Indiana Retirement Deploys Nearly $2B into Opportunistic, Private Market Strategies
The Indiana Public Retirement System (INPRS) has committed nearly $2 billion across private equity, opportunistic credit and absolute return strategies in recent months, underscoring continued momentum in alternatives within its $51 billion portfolio.
A significant portion of capital was directed to opportunistic credit. INPRS committed $830 million to the Oaktree Sycamore fund managed by Oaktree Capital Management and $570 million to Bain Capital’s Bain Opportunistic Credit strategy. Both allocations stem from a $1.4 billion mandate launched in early 2025 within its $15 billion fixed income program.
Private markets also saw $470 million in commitments, including $200 million across two vehicles managed by Francisco Partners. Additional allocations paired primary fund investments with co-investments, including commitments to Kennedy Lewis Capital Management and Stride Consumer Partners, targeting opportunistic credit and lower-middle-market consumer sectors.

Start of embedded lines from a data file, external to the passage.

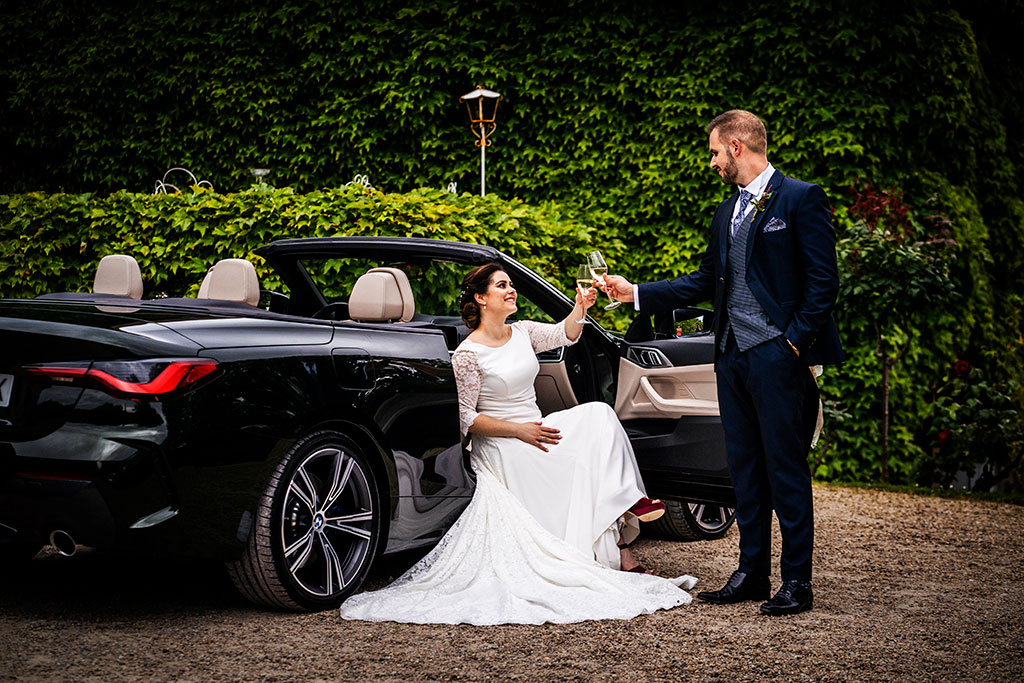 fotografía bodas Santander Cantabria Sara e Ivan coche brindis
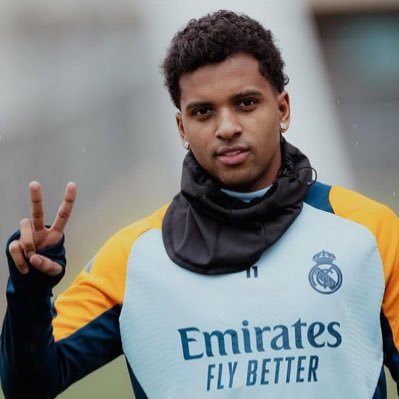missmadrid2002's profile picture. Passionate Real Madrid supporter and armchair analyst. Breaking down tactics, players, and everything Los Blancos. Hala Madrid!🤍
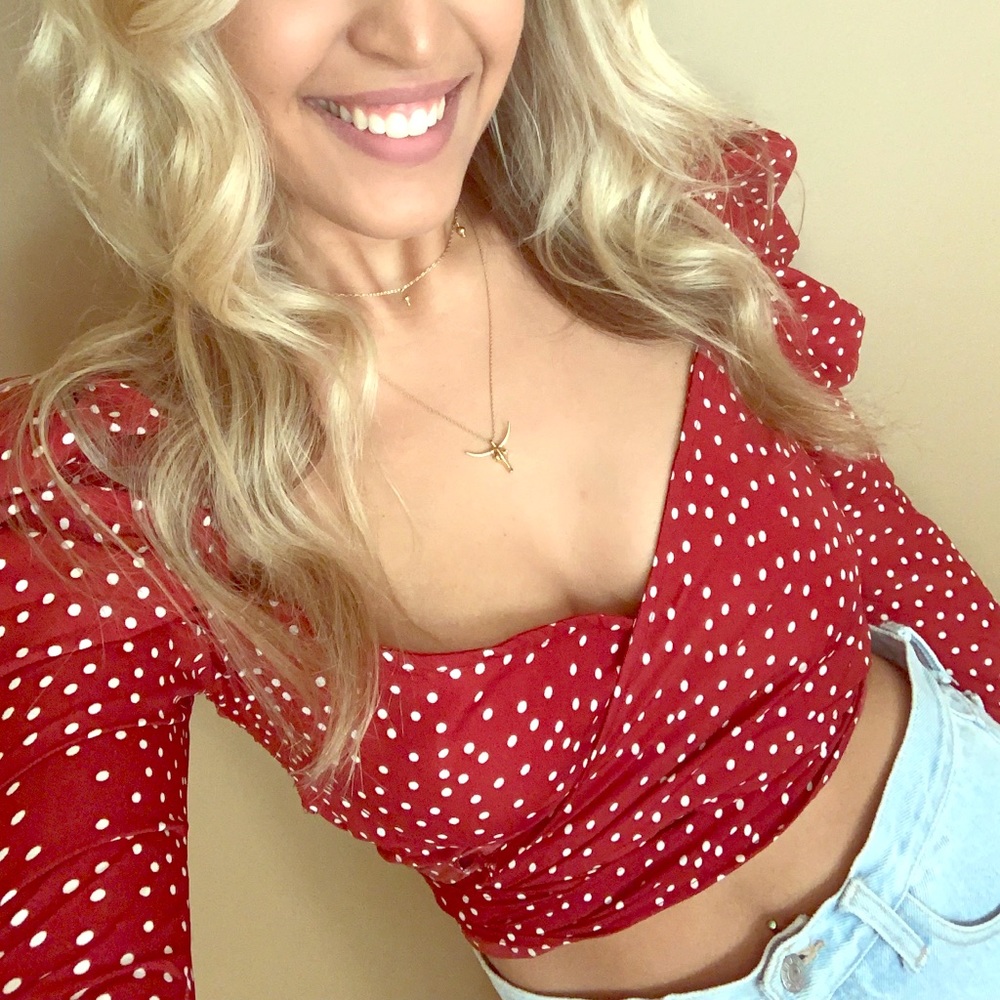 BURGUNDY TIE FRONT CROP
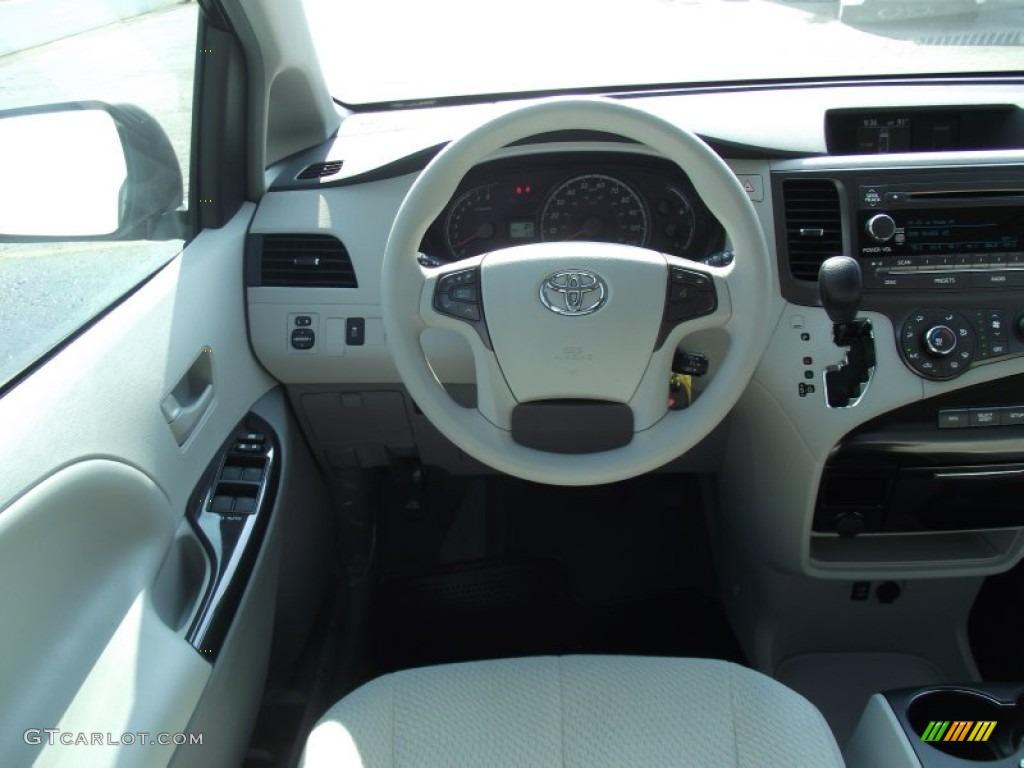 2011 Sienna LE - Super White / Light Gray photo #9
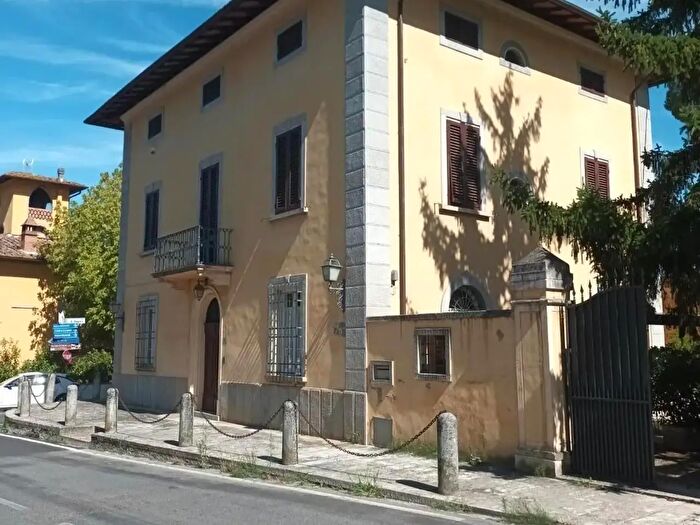 Casa con 18 locali in vendita in San Miniato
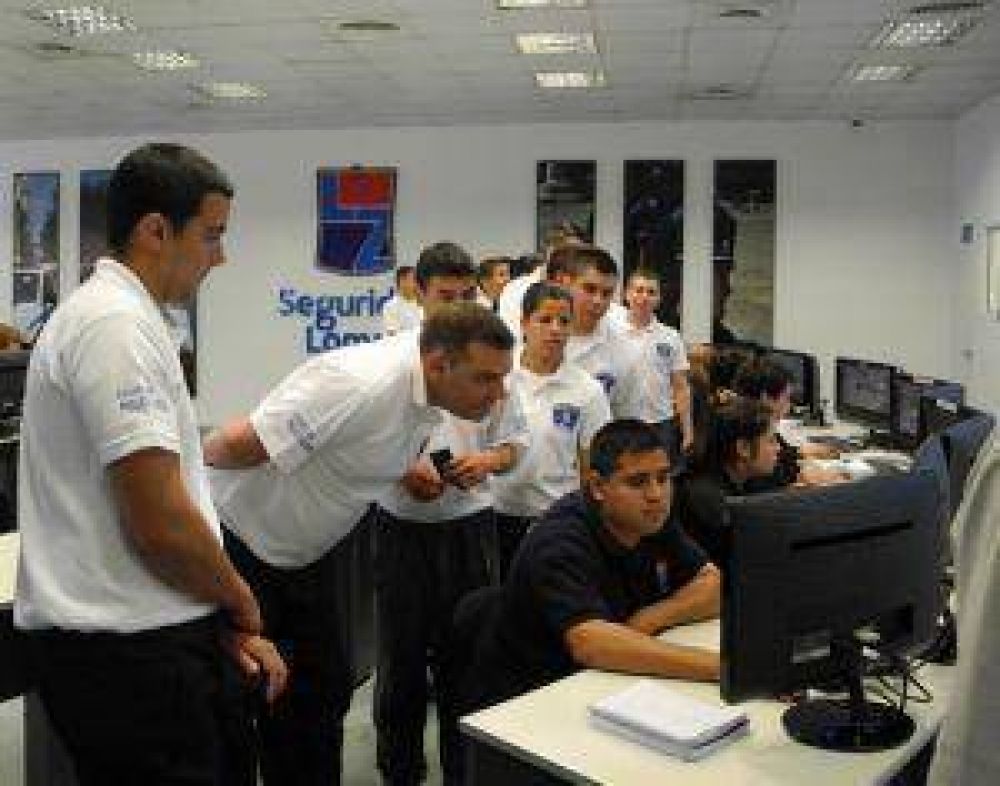 Polic�a Local: m�s de 300 cadetes visitaron el Centro de Seguridad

Within absolute return, INPRS reallocated capital by redeeming $125 million from Kirkoswald Global Macro Fund and committing $125 million to the PIMCO Volatility Absolute Return Fund, which focuses on relative value opportunities in volatility markets.

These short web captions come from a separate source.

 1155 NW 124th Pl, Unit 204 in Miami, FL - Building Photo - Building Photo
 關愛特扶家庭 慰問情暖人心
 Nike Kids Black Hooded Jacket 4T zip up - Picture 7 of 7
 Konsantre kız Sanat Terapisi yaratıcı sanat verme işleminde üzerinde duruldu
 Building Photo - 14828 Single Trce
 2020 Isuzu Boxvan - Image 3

Performance across alternatives remains a key driver. INPRS’ private equity program has generated 12% annualized returns since inception in 2011, while private credit has returned 9.6% annually since 2017. The absolute return portfolio, currently at $3.2 billion, has delivered 11.6% fiscal year-to-date.
Overall, the pension system has returned 10.3% year-to-date, with private credit continuing to capture a growing share of allocations.